A US advocacy group has launched a campaign against Abbott Laboratories and its “monopolistic” hold over its HIV/Aids drug Kaletra.

Public Citizen wants governments of poorer countries to issue compulsory licences for generic copies of Kaletra (lopinavir+ritonavir).

Since cutting its prices in 2007 the company charges the world's poorest countries $400 for the potentially life-saving antiretroviral, while middle-income developing countries pay $1,000-4,000.

Kaletra is considered a crucial weapon in the global battle against Aids and is becoming increasingly important as resistance against other first-line drugs grows.

Public Citizen characterised its campaign as an effort to fight big pharma's influence, which they see as preventing wider use by governments of powers to mandate generic licensing.

In 2007 the company was criticised for refusing to launch Aluvia, a heat stable version of Kaletra, in Thailand after that country's government broke the patent on Kaletra.

Campaigners also argue Abbott is preventing wider access to lifesaving medicines and has slowed medical innovation, by preventing Kaletra's ritonavir component from being used to enhance the effectiveness of other drugs.

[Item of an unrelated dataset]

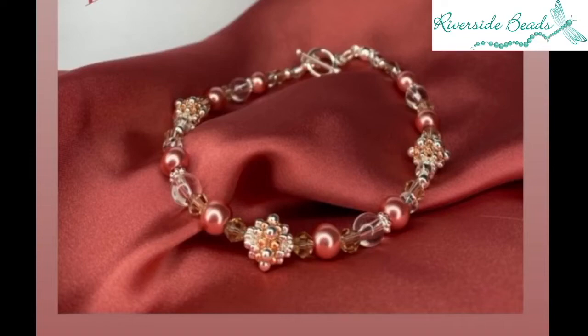Hello everybody, it's Donna here from Riverside Beads and I'm going to show you our beautiful sparkle spacer bracelet. This also doubles up rather lovely. It's part of a set that's got a necklace and a pair of earrings in as well, so it's a fabulous collection with everything you need in it, but I want to show you how it works.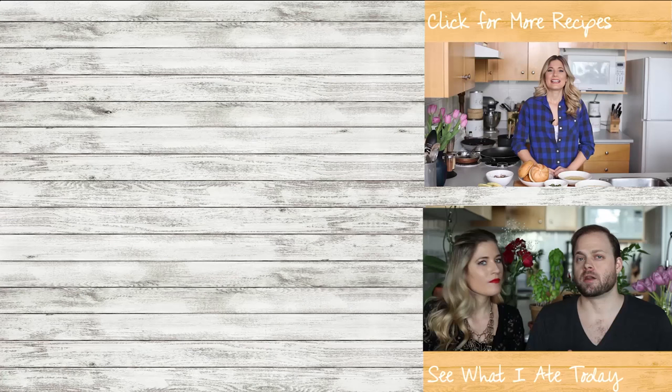Today on the Edgy Veg, we're going Italian. We're making Italian veal sandwiches — but vegan, of course, because we don't eat babies here. So get yourself a drink; I'm drinking some bourbon today.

Peter Maybarduk, director of the Global Access to Medicines Program at Public Citizen, said: “Freeing these drugs for competition and co-formulation could save countless lives.”

“If patent holders and the pharmaceutical industry will not negotiate, then health advocates will pursue compulsory measures to break their monopolies on lifesaving medicines.”

The launch of the campaign against Abbott comes just days after US Secretary of State, Hillary Rodham Clinton, endorsed the dream of an “AIDS-free generation”, in a speech at the National Institutes of Health.